L’ adescamento di minorenne tramite social network finalizzato al rapporto sessuale, secondo la Cassazione, è una condotta subdola e grave. Quindi l’imputato non può godere delle attenuanti generiche e di quelle per minore gravità. (Cass. Pen. Sez. III, 14 febbraio 2018 n. 7006)
Il caso in oggetto è di quelli particolarmente odiosi. Un uomo invita una ragazzina infra quattordicenne a salire sulla sua auto. La bacia, le sfila pantaloni e slip e consuma con lei un rapporto sessuale completo.
L’uomo aveva conosciuto la minorenne su un noto social network. Aveva aperto un profilo falso e si era finto un ragazzo diciassettenne. A niente sono valse le dichiarazioni di un suo amico, che senza tentennamenti aveva raccontato ai Giudici che tra i due vi fosse del sentimento.
E difatti i giudici di primo e secondo grado hanno ritenuto l’uomo colpevole del reato di atti sessuali con minorenne (art. 609 quater c.p.). La condanna: quattro anni di reclusione, pene accessorie, spese processuali e risarcimento del danno.
La Corte d’Appello di Napoli, in particolare, ha spiegato che l’adescamento sui social, aveva fortemente influito sulla quantificazione della pena. Quella specifica modalità di adescamento appariva infatti particolarmente grave.
Quindi l’uomo è ricorso in Cassazione. Lamentando, tra l’altro, la mancata applicazione delle attenuanti per minore gravità e delle attenuanti generiche. La Suprema Corte, tuttavia, ha rigettato il ricorso.
E ha spiegato che l’attenuante per minore gravità del fatto si applica solo a seguito di una valutazione globale del fatto di reato. Valutazione che deve tenere conto anche dell’entità della compressione della libertà sessuale, delle condizioni fisiche e psicologiche della vittima e delle modalità dell’azione.

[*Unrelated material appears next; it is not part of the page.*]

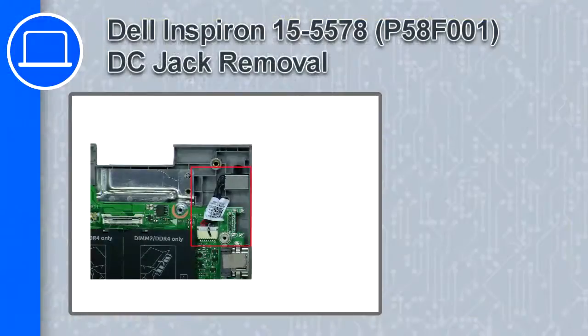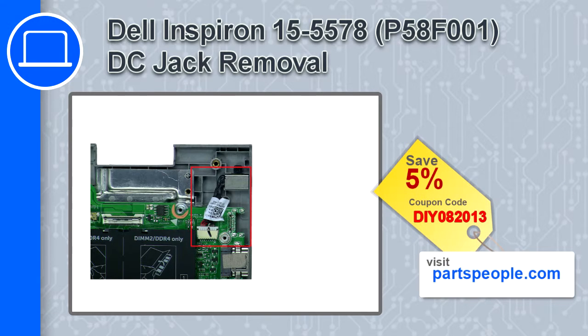What's up, this is Ricardo, and in this video I'll show you how to remove the DC jack from a Dell Inspiron 15 version 5578. If you're looking for parts for this laptop, go to our website and use this coupon for a 5% off discount.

La Corte territoriale, a suo tempo già aveva confermato l’attendibilità della ragazza, sulla base di un certificato della psicologa. Dall’analisi psicologica emergeva la figura di una ragazza fragile, provata dalla recente separazione dei genitori che le aveva provocato un vuoto affettivo. La certificazione descriveva una ragazza desiderosa di apparire più matura agli occhi di quest’uomo, che esercitava su di lei una forte influenza.

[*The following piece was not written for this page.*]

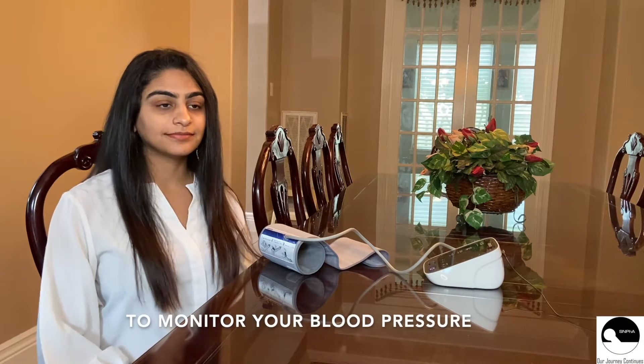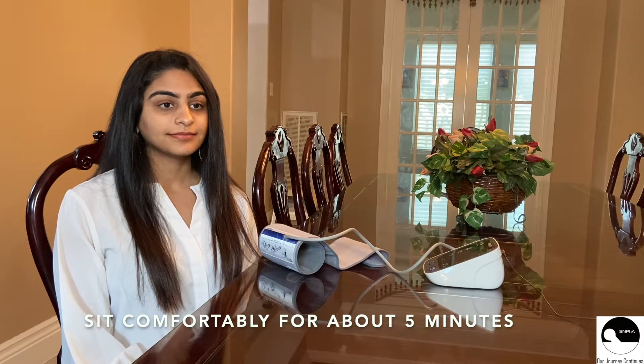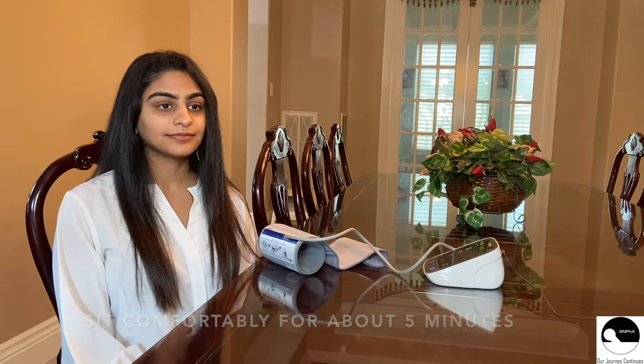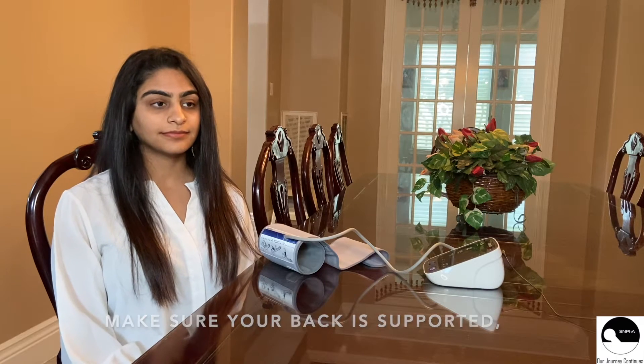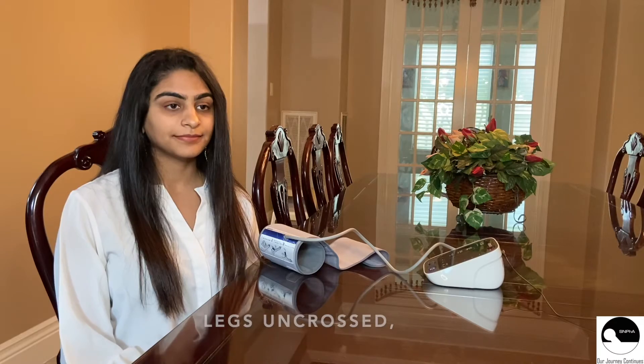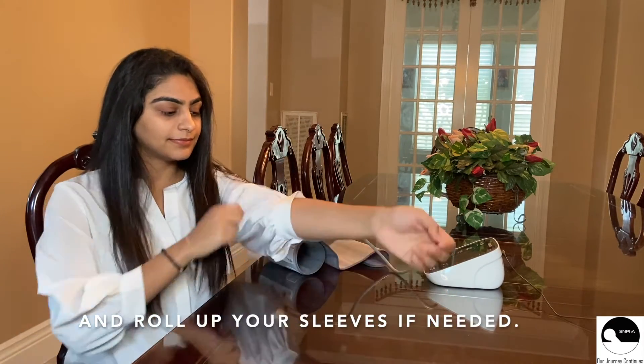To monitor your blood pressure using an automatic blood pressure machine, sit comfortably for about five minutes before taking the measurement. Make sure your back is supported, feet are flat on the floor, legs uncrossed, and roll up your sleeves if needed.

L’ adescamento della minorenne tramite social network poi, a detta della Cassazione, dimostra una accentuata insidiosità della condotta. Infatti tale modalità di adescamento era finalizzato all’ottenimento di foto spinte prima, e ad instaurare una relazione di fiducia con la minorenne poi. Il tutto al solo fine di ottenere un rapporto sessuale completo.
Pertanto, considerato tutto questo, insieme all’estrema gravità del fatto, la Suprema Corte ha considerato correttamente effettuato il calcolo della pena, rigettando il ricorso dell’uomo.